▶ [Prompt] Beginning with the first line, return the material verbatim and without pictures.
═══ Available data
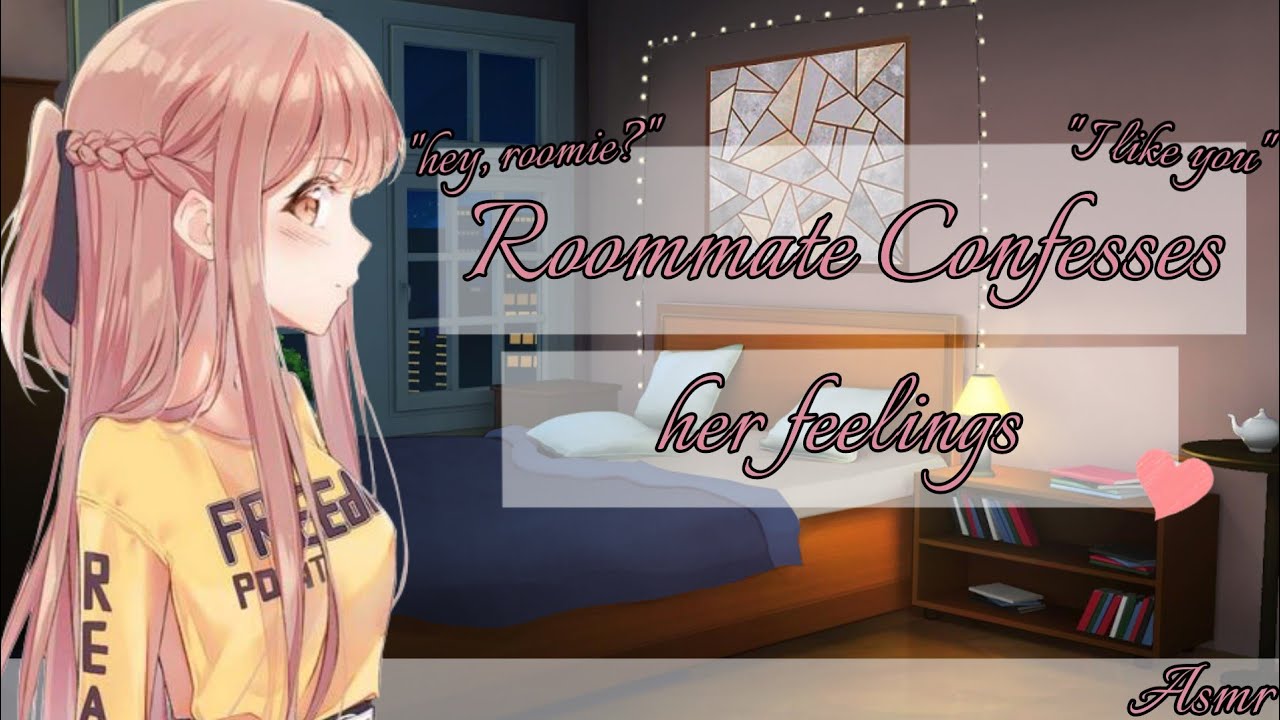 [ASMR] [ROLEPLAY] [F4A] Roommate confesses her feelings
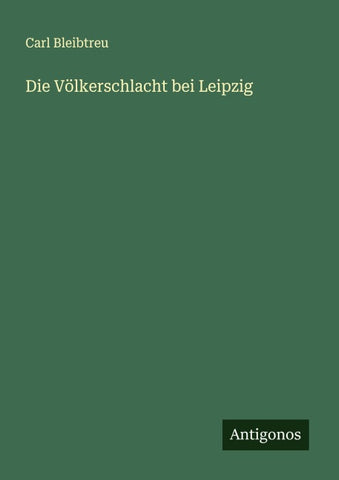 Die Völkerschlacht bei Leipzig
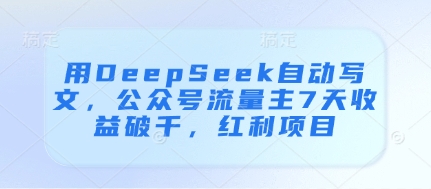 用DeepSeek自动写文，公众号流量主7天收益破千，红利项目-优优资源网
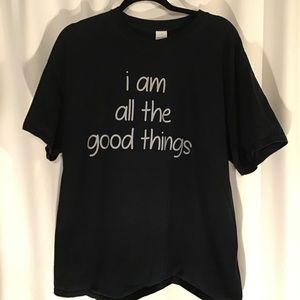 T-SHIRT XL "I am all the Good Things"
══════
▶ [Written response]
 [ASMR] [ROLEPLAY] [F4A] Roommate confesses her feelings
 Die Völkerschlacht bei Leipzig
 用DeepSeek自动写文，公众号流量主7天收益破千，红利项目-优优资源网
 T-SHIRT XL "I am all the Good Things"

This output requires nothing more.